Saturday, October 06, 2007

Arena Policy

This emerging model is much superior to that of raising taxes, and even though it still involves public expenditure, the public funds used clearly improve the public tax base, (by improving infrastructure and helping create a taxed entity, primarily involving a temporary cost to the public) without raising taxes (almost always involving a permanent cost to the public).

Land is the new currency in sports
Private development at Cal Expo eyed as way to pay for arena.
By Terri Hardy and Mary Lynne Vellinga - Bee Staff Writers
Published 12:00 am PDT Saturday, October 6, 2007


Land has become the new ATM for sports team owners who want better digs but can't get voters to part with the cash to build them.

The NBA's fledgling plan to build a new Kings arena at Cal Expo and pay for it with profits from private development on the state-owned site is the latest in a series of such proposals around the country.
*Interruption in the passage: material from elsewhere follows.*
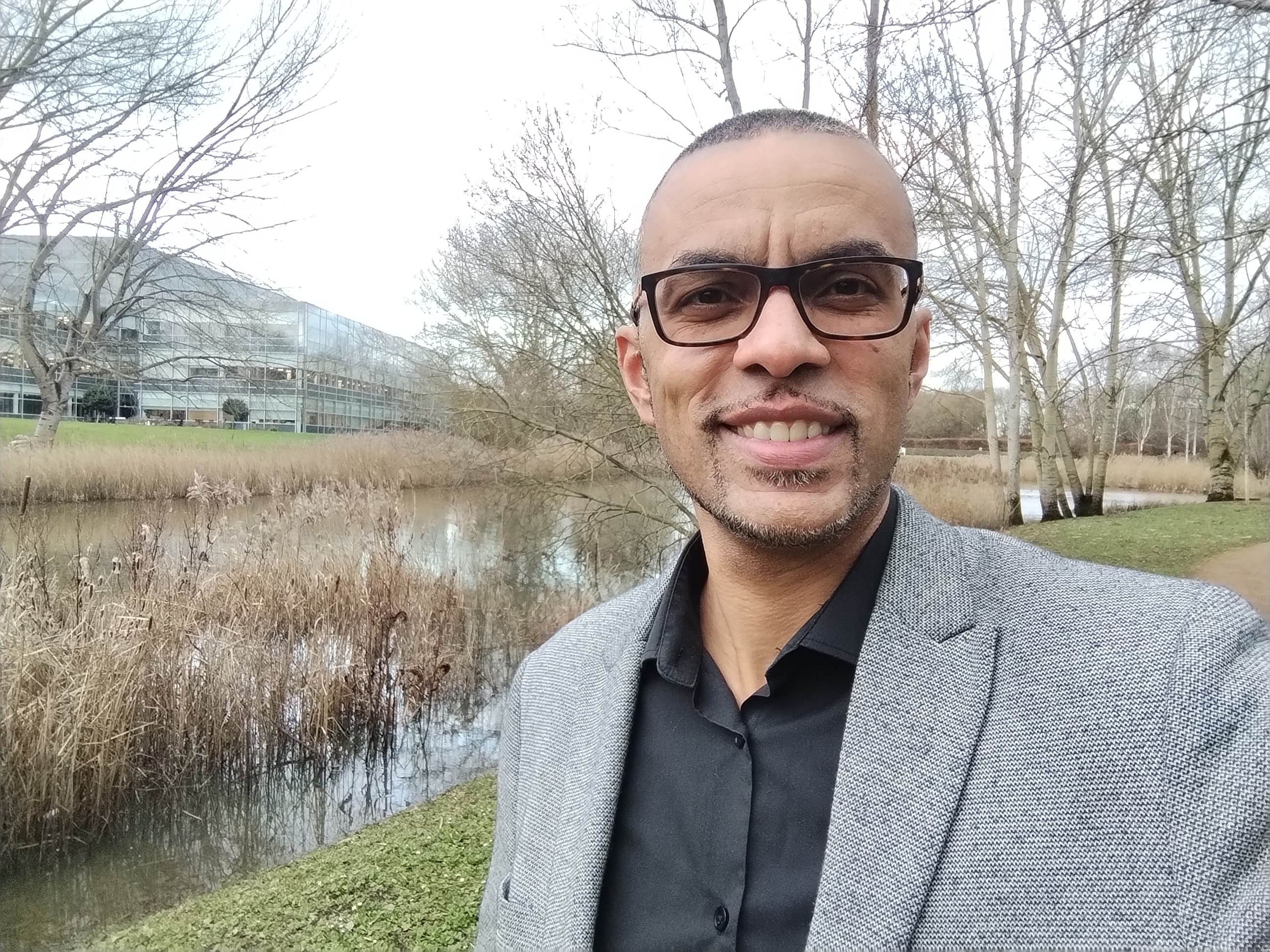 Handyman tools and workspace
"It's a new model that's very common," said Andrew Zimbalist, an economics professor at Smith College and an expert on sports financing.

Instead of raising sales or car rental taxes, governments can provide sports team owners with zoning changes or, in some cases, the land itself on which to build profit-making developments.

"There has been a real pushback by the public on taxes, so they're finding a way around that," said Dennis Coates, an economist at the University of Maryland, Baltimore County.